The trouble is that the abstractions about trade imbalances and currently exchange rates come down rapidly to a matter of jobs.World trade is now dominated by three powerful economies - West Germany, Japan and the United States. Two of these countries are now runnin g tremendous trade surpluses, and the third - the United States - is running an even more tremendous trade deficit. A surplus tends to push up the value of a country's currency; both Germany and Japan are profoundly dismayed by this steady rise, which is making it harder for them to sell their exports. They sharply reproach the United States for letting it happen. The United States retorts that it's their own fault for running those big surpluses in the first place. The debate has been getting rather heated.
The United States explains that its unexpectedly huge trade deficit is owed partly to oil imports and partly to slow economic growth abroad. Nothing much can be done for the present about oil, the argument goes. The remedy consequently is to persuade the rest of the world - i.e., West Germany and Japan - to step up their growth rates.
Germans disparage that view severly. With remarkable unanimity, they observe that Americans underestimate the inflationary dangers of excessive expansion in Europe, a continent with a far less stable economy than North America's. The leading source of the imbalance, Germans argue, is the American refusal to do anything serious about its inordinate imports of oil.
Japan is willing, in principle, to increase its imports of American. But the Japanese negotiators caution that it has to be done slowly, very slowly, because of the impact on the structure of traditional Japanese society. Since you Americans haven't got much in the way of tradition, they're saying, you can hardly appreciate the sensitivity of it all.
Perhaps, by this point in the recitation, the reader has perceived that nobody is planning to change present policy in any dramatic way. President Carter had discovered that it's nearly impossible to persuade American consumers to cut down on oil. But it would hardly be any easier for Chancellor Helmut Schmidt to persuade German voters that a little more inflation won't hurt. Or for Premier Takeo Fukuda to persuade Japanese businessmen that a surge of American imports would be good for them. There are limits to anybody's powers of persuasion. But if governments can't act, what happens?

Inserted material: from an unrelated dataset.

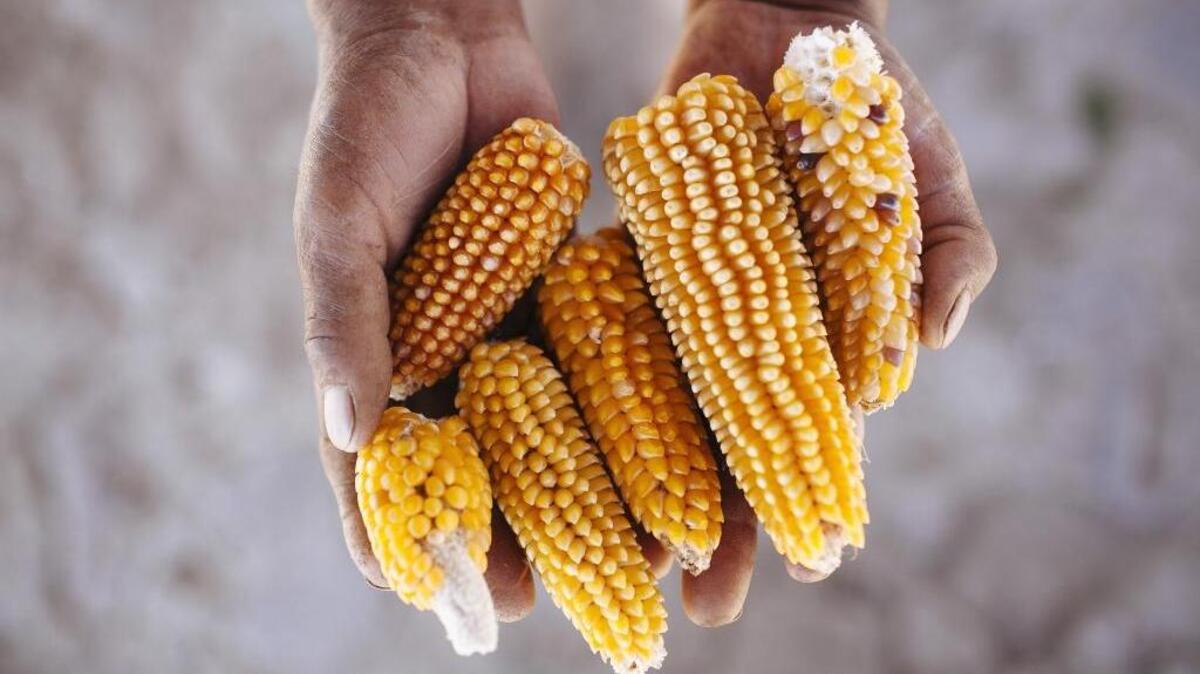Ears of dried corn.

The answer lies in the exchange rates, and the continued rise of the Deutschemark and the yen against the dollar. The Germans and the Japanese can't have it both ways. They can't have both surpluses on the present scale and stable currencies as well. But leaving it to the currency markets isn't the worst of solutions. It's an automatic and impersonal process with widely dispersed effects for which no government gets blamed directly. For Americans the cost of the decline in the dollar is an increase in inflation and an erosion in living standards, both of them minor. In return, the country will get an easing of the foreign competition with the most vulnerable Americans industries - the melancholy catalogue that begins with shoes, textiles and electronics. The rise of the yen has already begun to reduce the Japanese pressure on the American steel-makers. That in turn lowers the volume of the political agitation for protectionist tariffs and imports quotas. Market forces are blunt instruments, which do not always operate as cleanly and efficienly as one would like. But when trade politics becomes too painful for the politicians to touch, there's a good deal to be said for leaving the process of adjustment to the invisible hand. That seems to be what's happening now.